- Required action -
Print exactly what appears from the line containing "2017 Can Am" through the final line of the data below, pictures excluded.

- Supplied data -

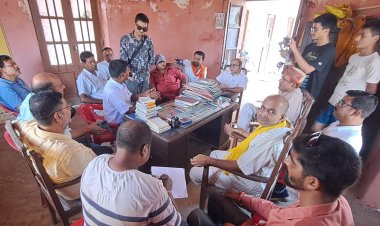 जब भूखी आँखों में उतर आई संवेदना की ज्योति, तब टूटी छत के नीचे पहली बार संवाद ने जन्म लिया आज की ऐतिहासिक बैठक में माँ के लिए बना त्रिस्तरीय सेवा-संवर्धन का संकल्प, जहाँ निर्णय लिए गए भूख मिटाने से लेकर भवन संवारने तक... और दरभंगा की मूक गौशाला अब बन रही है सांस्कृतिक चेतना की जीवित प्रयोगशाला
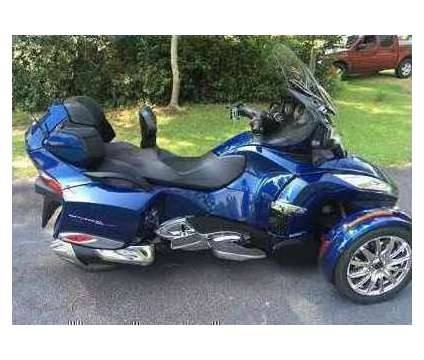 2017 Can Am Spyder RT SE6 Limited Blue Low Miles Trike for Sale
</span>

- Solved problem -
 2017 Can Am Spyder RT SE6 Limited Blue Low Miles Trike for Sale
</span>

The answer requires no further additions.